MIAMI (AP) ­- The firing of a Miami Herald columnist who taped a conversation with a man hours before he committed suicide in the newspaper’s lobby has sparked a debate over whether the dismissal was justified.

The newspaper said columnist Jim DeFede recorded his telephone conversation with former city commissioner Arthur E. Teele Jr. without permission – a possible violation of state law and the newspaper’s ethical standards.

But DeFede said he should only have been suspended because he told his bosses about the tape on his own and acknowledged his mistake.

Teele killed himself Wednesday after speaking several times by phone with DeFede, a longtime acquaintance who described Teele as “very distraught.” Just hours before, the Miami New Times published a report online entitled “Tales of Teele: Sleaze Stories.”

The weekly newspaper’s story was largely based on police reports and detailed Teele’s alleged contacts with drug dealers, reputed homosexual affairs and the corruption charges he faced.

Whether DeFede broke the law by taping the conversation with Teele is unclear. Florida law requires consent for the recording of telephone conversations, but a state appeals court ruled that did not apply to business calls.

Miami-Dade County prosecutors were reviewing the case, but no charges had been filed against DeFede as of Friday, state attorney’s spokesman Ed Griffith said.

Herald executives, though, said the newspaper’s reputation with the public and its sources was at stake.

“The line of behavior for us has to be brightly lit. There can be no ambiguity,” Herald Executive Editor Tom Fiedler told reporters Thursday.
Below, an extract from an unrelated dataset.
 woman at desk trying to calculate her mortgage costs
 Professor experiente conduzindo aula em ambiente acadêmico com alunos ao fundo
“It was Jim himself who said he had made the tape knowing full well that what he was doing was a violation of policy,” he said.

Some journalism ethics experts said the newspaper had every right to fire DeFede.
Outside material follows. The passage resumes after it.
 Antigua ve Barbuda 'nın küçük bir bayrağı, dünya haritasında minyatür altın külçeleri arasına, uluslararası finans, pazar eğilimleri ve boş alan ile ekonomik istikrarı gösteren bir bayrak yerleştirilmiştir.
“When you consent to work for an organization, you agree to abide by its policy,” said Kathleen Jamieson, director of the Annenberg Public Policy Center of the University of Pennsylvania.
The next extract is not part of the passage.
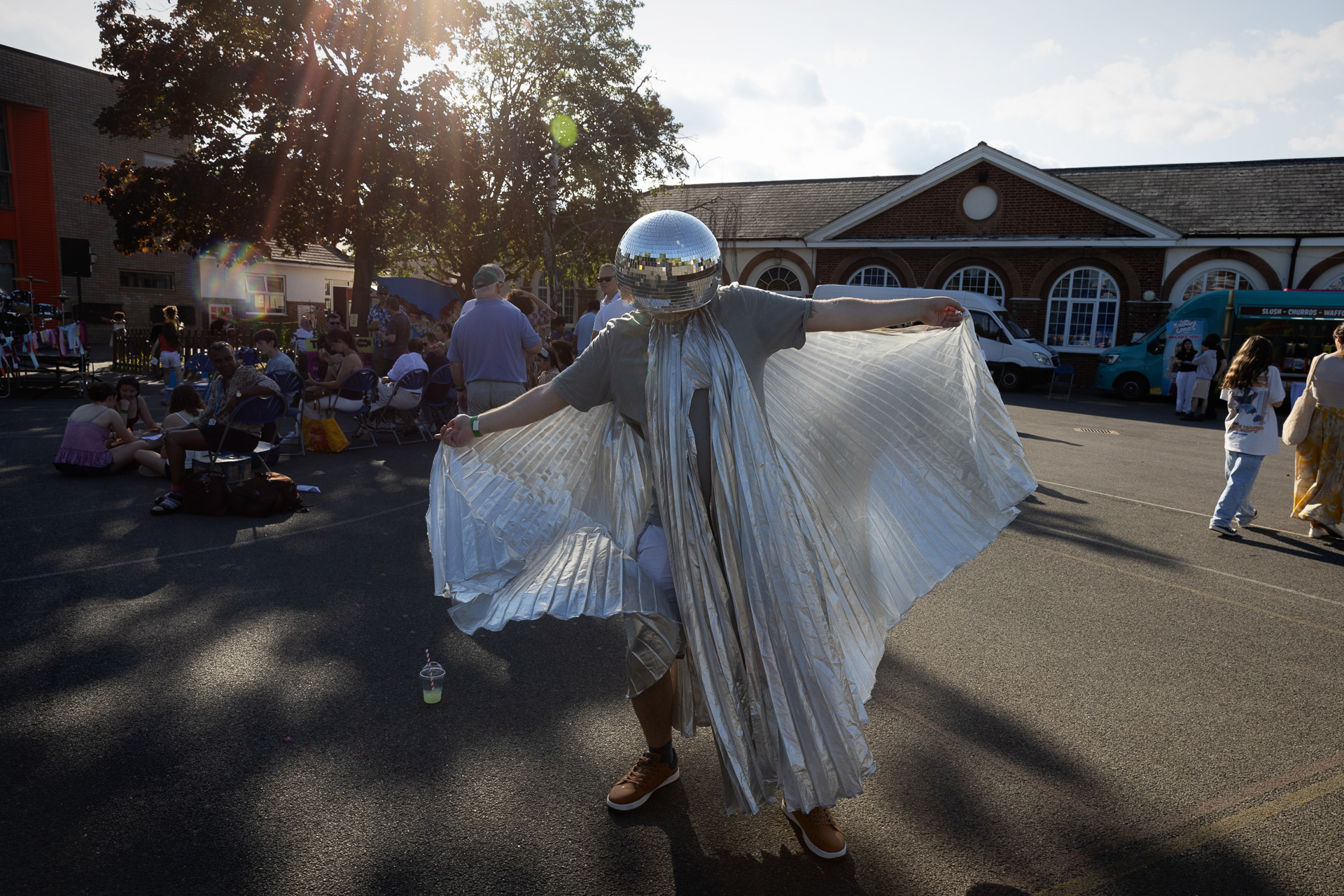 A person wearing a reflective disco ball helmet and a flowing silver cape poses with outstretched arms at the Lift Off Festival, with people and tents in the background under the afternoon sun.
More than 170 journalists from around the country, including Pulitzer Prize-winning Herald columnists Dave Barry and Leonard Pitts Jr. and other colleagues, have signed an online petition urging the paper to rehire DeFede.

Herald Publisher Jesus Diaz wouldn’t say Friday whether the paper would consider rehiring him, but added: “We made the decision based on what Jim said to us and I guess as life moves on, anything is possible.”